La crítica literaria rebajó La Peste a un tratado de moral laica. El propio Camus, en una carta a un amigo, reveló que La Peste describe la resistencia francesa al nazismo y no hay por qué retorcer esa intención manifiesta del autor. Pero, ¿por qué adoptó una forma simbólica para explicarla?
A juicio del crítico Carlos Sainz de Robles, en La Peste se percibe desde las primeras líneas que hay algo más. Ya sea porque la invasión del nazismo ha acarreado consecuencias más hondas, singularmente una alteración sustancial en el ser del hombre y en el mundo donde ese hombre encontraba la seguridad y la naturalidad de su vivir, ya porque sus consecuencias no se limitaran a las que suelen ser usuales en extensión y en tiempo en una conflagración sino que pretendían disciplinar el futuro irrevocablemente.
Tras abandonar la dirección de Combat por desavenencias ideológicas con la propiedad, Camus se instala el 5 de agosto de 1947 en Les Moutiers, a cuarenta kilómetros de Nantes y a dos del mar, en casa de Michel Gallimard, y desde allí escribe a una amiga lo siguiente:
"Aquí he encontrado la paz. Es decir, trabajo de ocho a diez horas diarias en medio del silencio más absoluto y estoy a punto de terminar La Peste".
No se trata aquí de designar cuáles son los regímenes o los sistemas a los que apunta críticamente La Peste. El escritor quiere que su libro "se lea con distintos alcances", vale decir: contra todos los totalitarismos de izquierdas y de derechas.

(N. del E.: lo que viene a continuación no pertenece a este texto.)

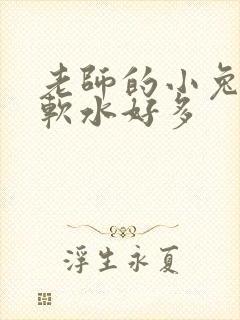 老师的小兔子好软水好多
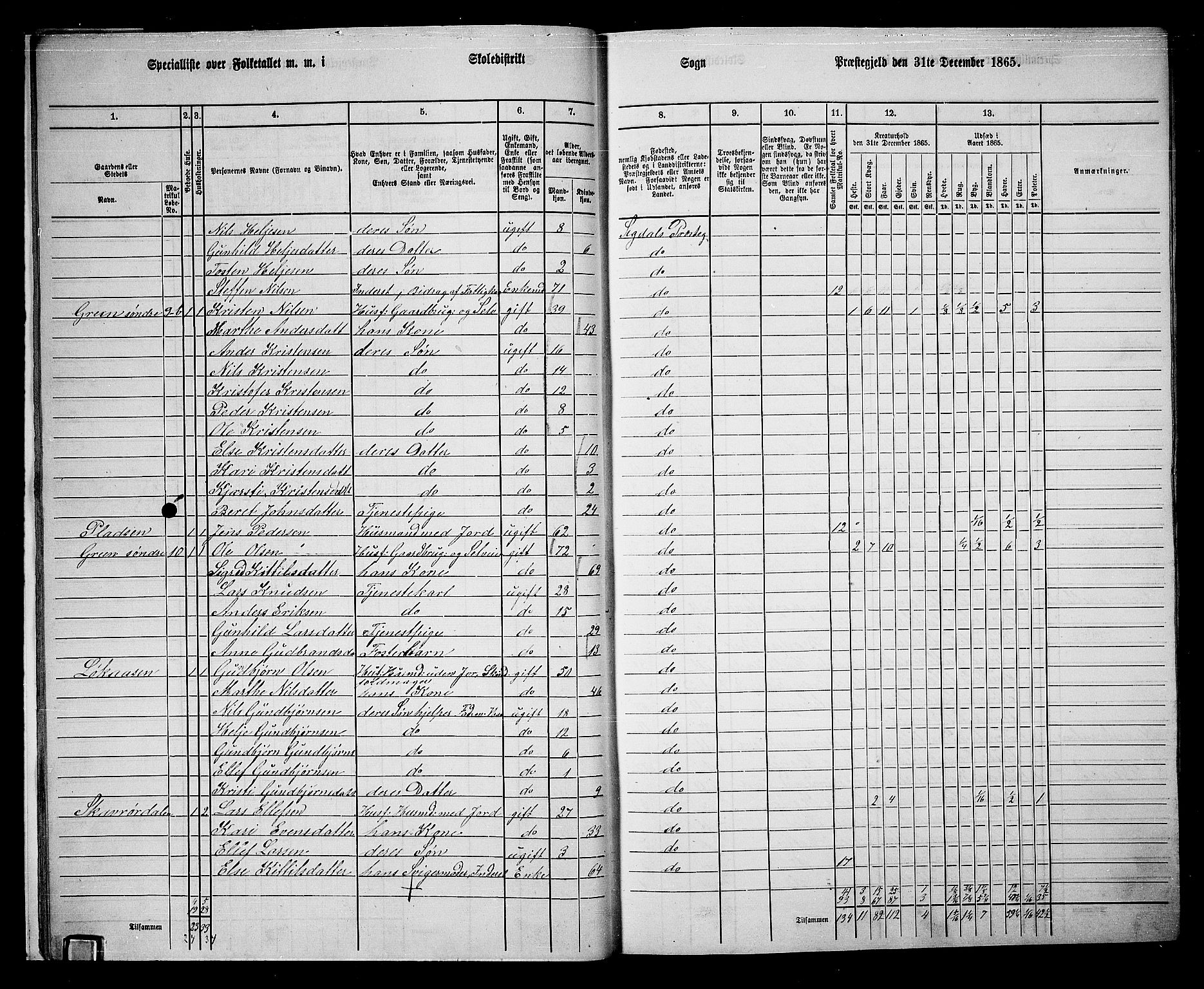 RA, 1865 census for Sigdal, 1865, p. 22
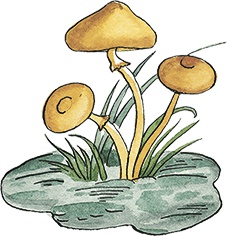 Иллюстрация к книге — Необыкновенные приключения Карика и Вали [i_050.jpg]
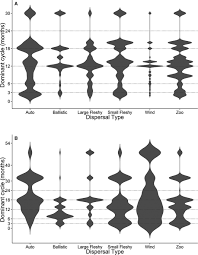 Image result for Belonophora coffeoides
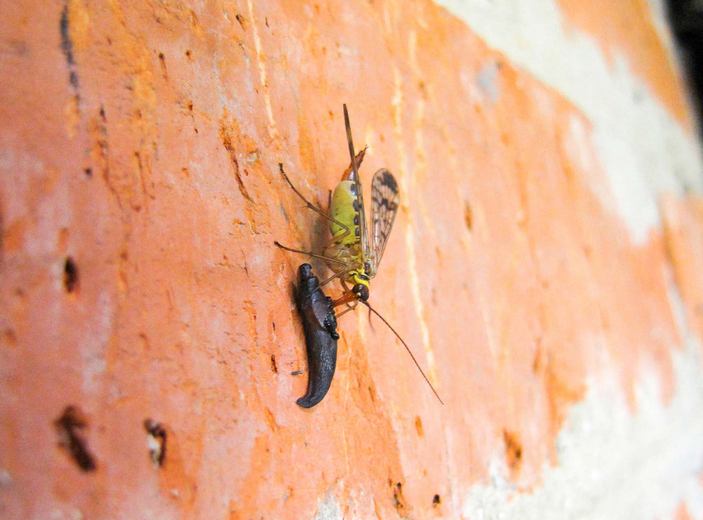 Скорпионница перекусывает слизнем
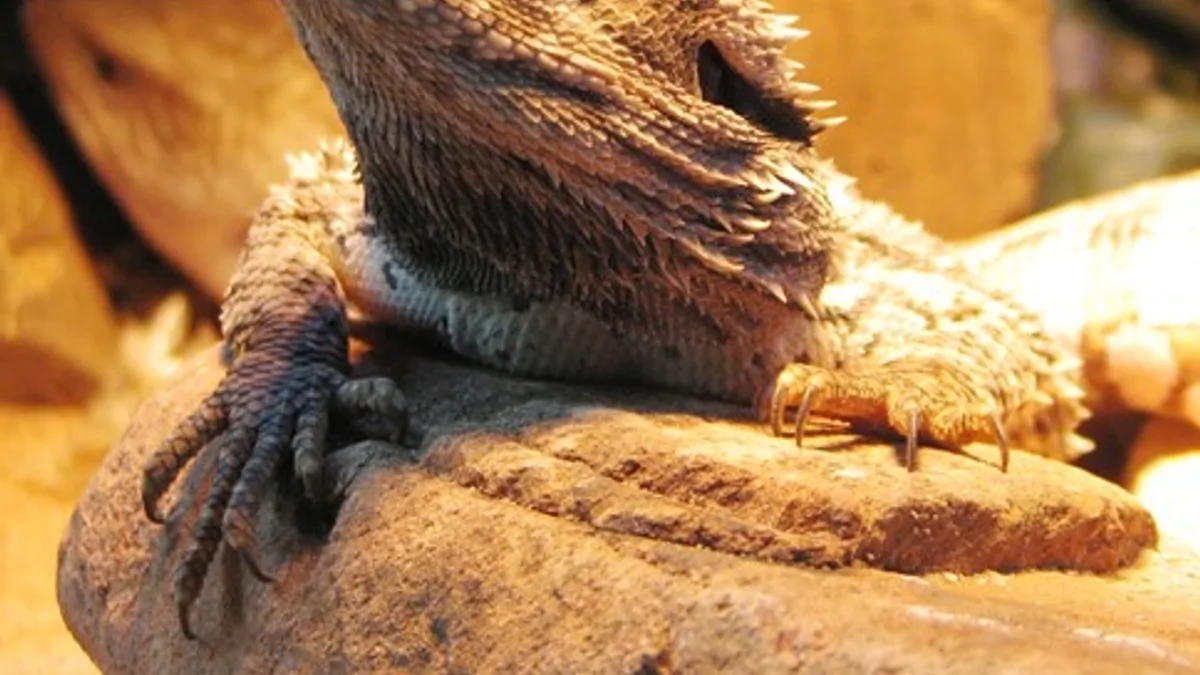 bearded dragon faq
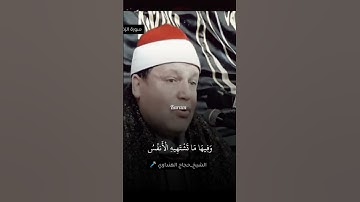 الشيخ حجاج الهنداوي سورة الزخرف_جواب عالمي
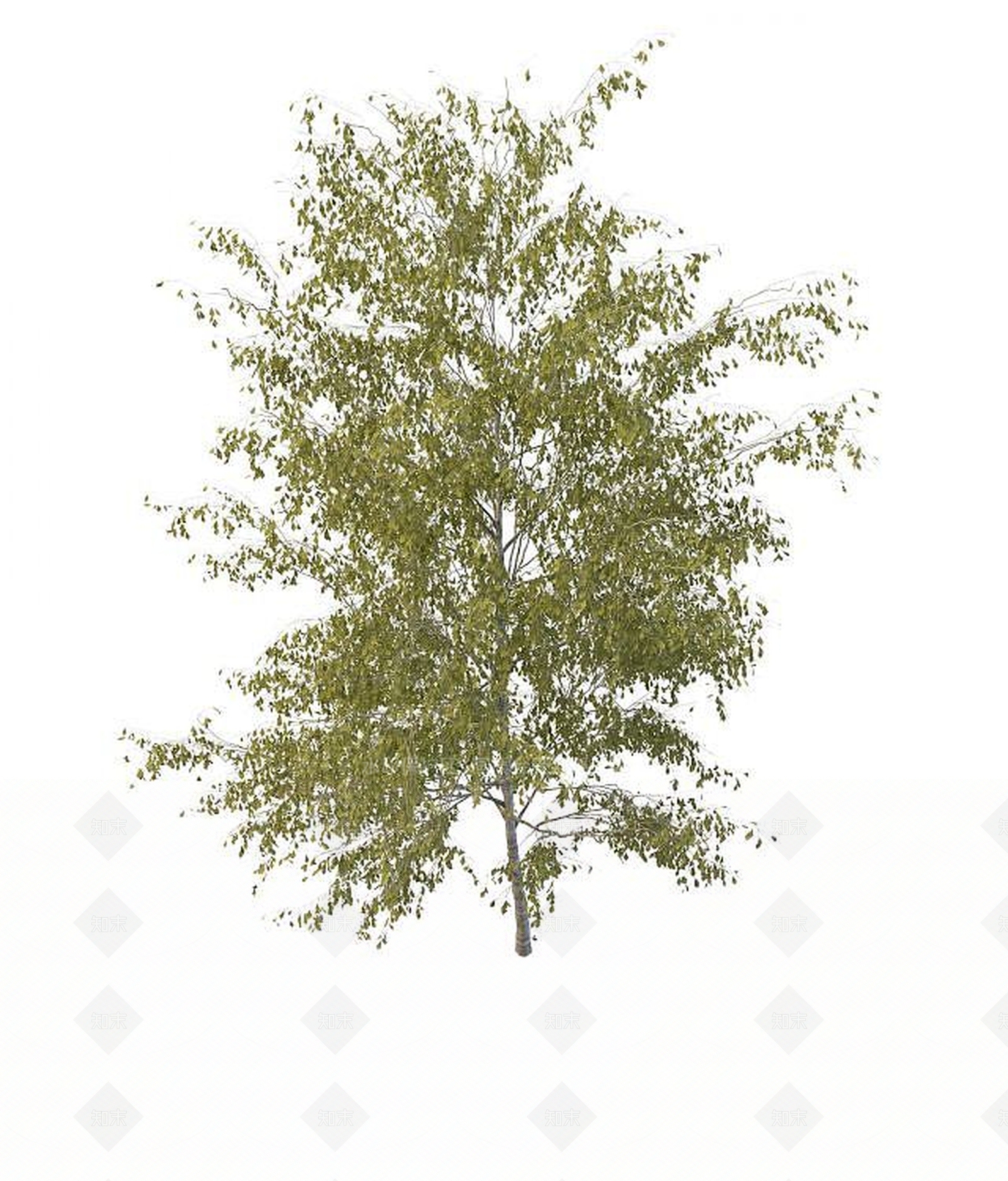 现代景观树3D模型下载【ID:1194640382】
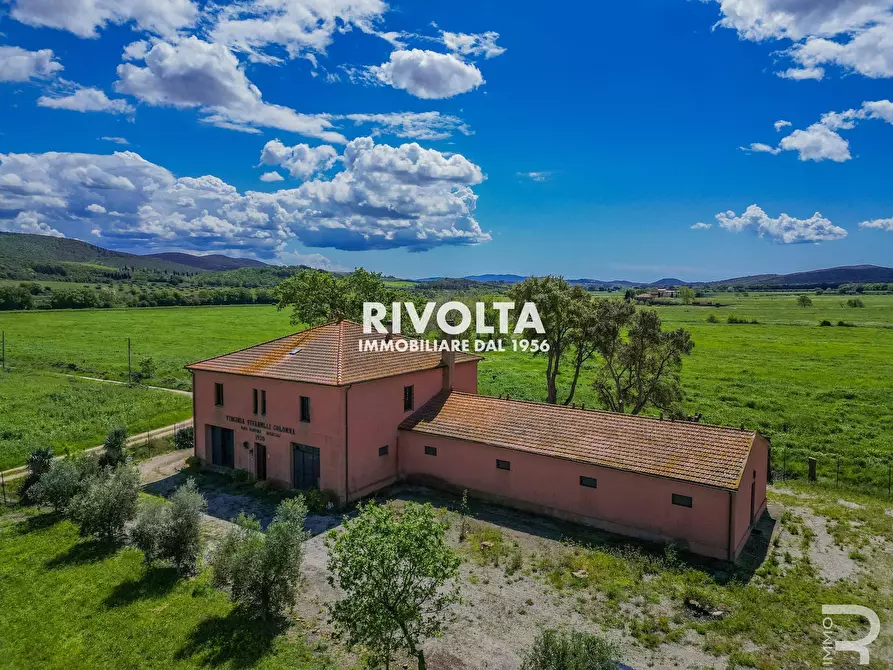 Immagine 2 di Rustico / casale in vendita  in con terreno in maremma a Magliano In Toscana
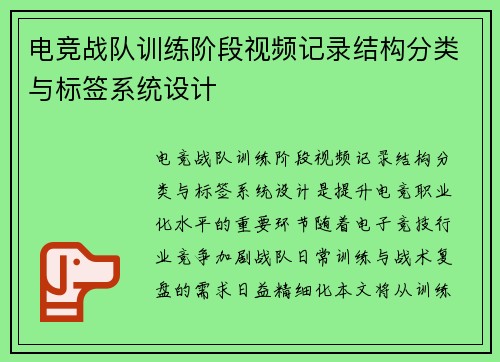 电竞战队训练阶段视频记录结构分类与标签系统设计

Aquellos años posteriores a la guerra fueron para Camus los del distanciamiento con Sartre. Lo contaré en clave de anécdota sexual, a propósito de una visita al París de la rive gauche de Arthur Koestler. Fueron noches de farra y discusiones y Simone de Beauvoir se quiso ligar alternativamente a Koestler y a Camus. El primero sucumbe, el segundo no:
-¡Imagínense lo que esa puede contar después de pasar por la cama! –suspira Camus-. ¡Algo espantoso, una charlatana como ella, una marisabidilla insoportable!